Jun 17, 2023

#science fiction#Short Story#climate

Inflection Point

Djo Wea

Part One

The first shelter breath was always the most anxious. But when that sweet metallic taste of fresh air hit her lungs, Cable Hightower knew they were finally safe. She breathed in deeply, holding for a pause, before slowly exhaling. They had survived another day outside. The weather had gotten progressively worse, and Guy had pushed it for too long. Conditions deteriorated to the point of blindness and the violent windstorm turned rocks into bullets. They were lost. Her rover, Clyde, was the one who saved them. After disconnecting their umbilical connection, she had sent him forward to find the shelter. He found a path that led them home.

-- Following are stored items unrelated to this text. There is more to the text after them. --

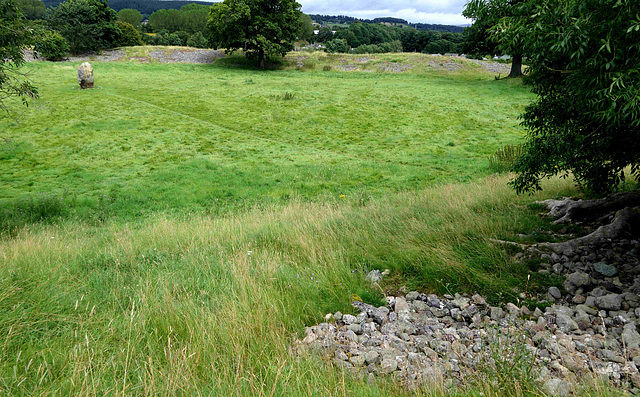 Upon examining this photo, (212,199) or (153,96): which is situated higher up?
(153,96)

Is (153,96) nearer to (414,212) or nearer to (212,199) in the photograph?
(212,199)

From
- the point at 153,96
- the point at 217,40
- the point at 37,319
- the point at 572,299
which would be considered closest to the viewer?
the point at 37,319

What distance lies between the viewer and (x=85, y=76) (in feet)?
96.3

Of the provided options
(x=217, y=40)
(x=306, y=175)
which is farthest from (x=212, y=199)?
(x=217, y=40)

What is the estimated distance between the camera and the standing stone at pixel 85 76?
29328 mm

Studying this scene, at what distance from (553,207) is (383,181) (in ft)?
26.3

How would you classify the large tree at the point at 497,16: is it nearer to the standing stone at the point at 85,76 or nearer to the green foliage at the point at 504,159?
the green foliage at the point at 504,159

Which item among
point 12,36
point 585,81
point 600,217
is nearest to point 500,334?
point 585,81

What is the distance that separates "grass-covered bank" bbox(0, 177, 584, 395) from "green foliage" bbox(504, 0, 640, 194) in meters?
1.66

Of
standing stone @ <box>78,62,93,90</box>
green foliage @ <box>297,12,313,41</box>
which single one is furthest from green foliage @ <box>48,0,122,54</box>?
green foliage @ <box>297,12,313,41</box>

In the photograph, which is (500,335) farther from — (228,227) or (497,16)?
(228,227)

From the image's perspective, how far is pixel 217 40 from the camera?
4631 cm

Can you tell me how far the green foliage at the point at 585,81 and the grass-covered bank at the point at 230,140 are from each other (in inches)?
299

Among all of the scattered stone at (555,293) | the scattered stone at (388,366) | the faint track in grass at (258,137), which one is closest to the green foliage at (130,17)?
the faint track in grass at (258,137) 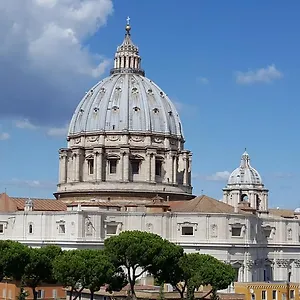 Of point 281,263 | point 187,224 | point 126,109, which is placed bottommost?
point 281,263

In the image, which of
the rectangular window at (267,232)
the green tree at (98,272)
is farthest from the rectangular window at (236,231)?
the green tree at (98,272)

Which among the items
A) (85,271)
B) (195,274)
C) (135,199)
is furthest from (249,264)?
(85,271)

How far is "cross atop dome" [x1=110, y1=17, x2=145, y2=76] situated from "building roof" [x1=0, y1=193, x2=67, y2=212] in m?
20.1

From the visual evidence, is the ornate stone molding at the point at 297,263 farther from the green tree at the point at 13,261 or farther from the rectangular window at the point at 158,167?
the green tree at the point at 13,261

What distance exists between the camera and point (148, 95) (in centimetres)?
10025

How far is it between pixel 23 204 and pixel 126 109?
54.8 feet

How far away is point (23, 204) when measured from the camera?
8962cm

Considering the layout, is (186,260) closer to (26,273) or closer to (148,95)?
(26,273)

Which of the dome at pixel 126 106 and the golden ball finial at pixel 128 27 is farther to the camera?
the golden ball finial at pixel 128 27

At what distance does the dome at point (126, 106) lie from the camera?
98.0m

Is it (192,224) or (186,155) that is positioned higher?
(186,155)

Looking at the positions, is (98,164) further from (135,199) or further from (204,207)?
(204,207)

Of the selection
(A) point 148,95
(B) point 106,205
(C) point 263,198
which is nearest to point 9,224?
(B) point 106,205

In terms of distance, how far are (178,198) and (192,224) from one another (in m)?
14.7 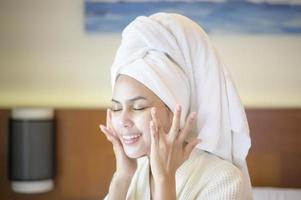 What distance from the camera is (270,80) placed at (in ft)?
8.25

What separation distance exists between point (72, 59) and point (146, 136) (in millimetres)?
1542

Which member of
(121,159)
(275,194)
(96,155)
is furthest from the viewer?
(96,155)

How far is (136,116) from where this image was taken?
1.15 meters

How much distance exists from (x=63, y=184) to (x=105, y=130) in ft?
4.57

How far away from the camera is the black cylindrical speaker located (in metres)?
2.27

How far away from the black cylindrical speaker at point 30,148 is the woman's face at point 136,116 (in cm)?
121

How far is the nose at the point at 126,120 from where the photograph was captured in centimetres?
115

She looked at Guy Antennaman playing it cool, nonchalant as he tossed his helmet on the table, and wondered how he remained so stoic. Free from concern, like he knew the outcome already. Of course they would be safe, it was guaranteed. He failed to disclose the knowledge of this secret surety, and instead showered her with an idiotic grin. “You always make the best air, Cable. It tastes like a crisp spring morning in here. Why are you exploring the desolation when you could be back on our Titan teaching your secrets to the oxygen techs?”

“Stuff it Guy. I need to check the drysuits and see if they held up.” Guy laughed over his shoulder. He was already setting up the food processor. “It can wait. We’ve been trekking all day and those frames aren’t going anywhere. Let’s enjoy dinner first. I already sent Derrick out to start a down drill. We’ll know shortly if it’s a good take.”

“Derrick always finds oil, we’ll be fine.” Now it was Cable’s turn for optimism. Guy’s rover was a master at finding and refining the oil to power their drysuits. She joined Guy in the center of the shelter, accepting the proffered mug of chai.

Guy held up the reader attached to his wrist. A constant flow of text streamed across the screen. She leaned over his shoulder, huddling against his back to get a better view. “We’ve trekked so far ahead of the Titan, and these electrical storms are getting worse. Do you think we should head back before they abandon us for lost? What if the ancestor ruins are the only thing out here? We could be in real trouble.”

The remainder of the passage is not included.